Now that I’m almost in my thirties I’m going to start feeling like I’m too old. One reason I’m going to begin feeling this way is because of the recorded music industry.
Here’s what they’re going to do: they’re going to take music from my youth, re-release it, and hope I’ll buy it again.1 And I might. The problem is that they’ll ruin it by re-releasing that music as a “Deluxe” Edition.
There’s a problem with Deluxe editions. There’s nothing deluxe about them. The common practice is to take an album as it stands on its own, and then add a bunch of extra tracks to it—even on its release date.
Now the “Deluxe” album is way too long. What was an enjoyable 35-40 minute record is now supposed to be some 90 minute masterpiece that is only out-lengthened by a Philip Glass opera.
And it’s about as boring too. All those extra deluxe tracks? Garbage. They’re songs from the recording sessions that weren’t good enough to include the first time around. I trust that judgement.

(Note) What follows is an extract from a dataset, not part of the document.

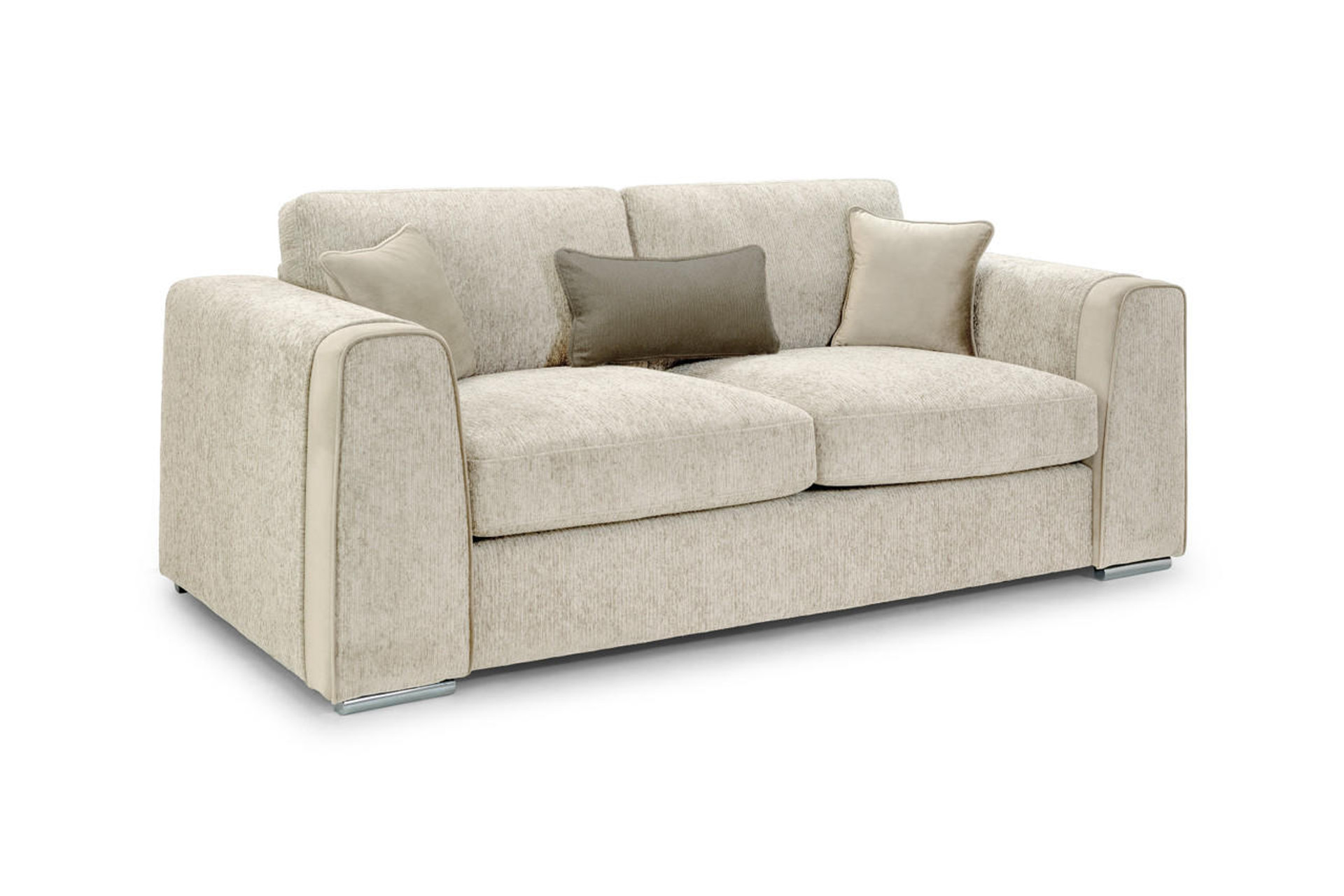 Cantrell Soft Chenille Fabric 3 Seater Sofa - Beige - Sofa So Good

So instead of a focused artistic effort that’s maybe 10 tracks long, artists who release Deluxe albums treat their fans to the original album and a bunch of throwaways. That’s like going to a restaurant, ordering a great steak dinner, and then being offered a bologna sandwich before you leave.
There may be a rare instance when someone makes a mind-blowing bologna sandwich, but I just ate. The steak dinner was perfect, but all I can taste now is that white-bread, mayonnaise, bologna sandwich. Maybe for lunch tomorrow I’ll have your sandwich.
Remember that we’re living in the age of iTunes. If you like listening to music album-by-album instead of track-by-track, deluxe albums destroy iTunes album ratings. What starts as an album with 10 pretty good tracks usually starts a nosedive into two-star territory for the next few tracks, bringing down the entire album. Add to that how much longer deluxe albums are and you can see how fans become hesitant to hit play on the album.
So, Deluxe albums. I don’t like ’em.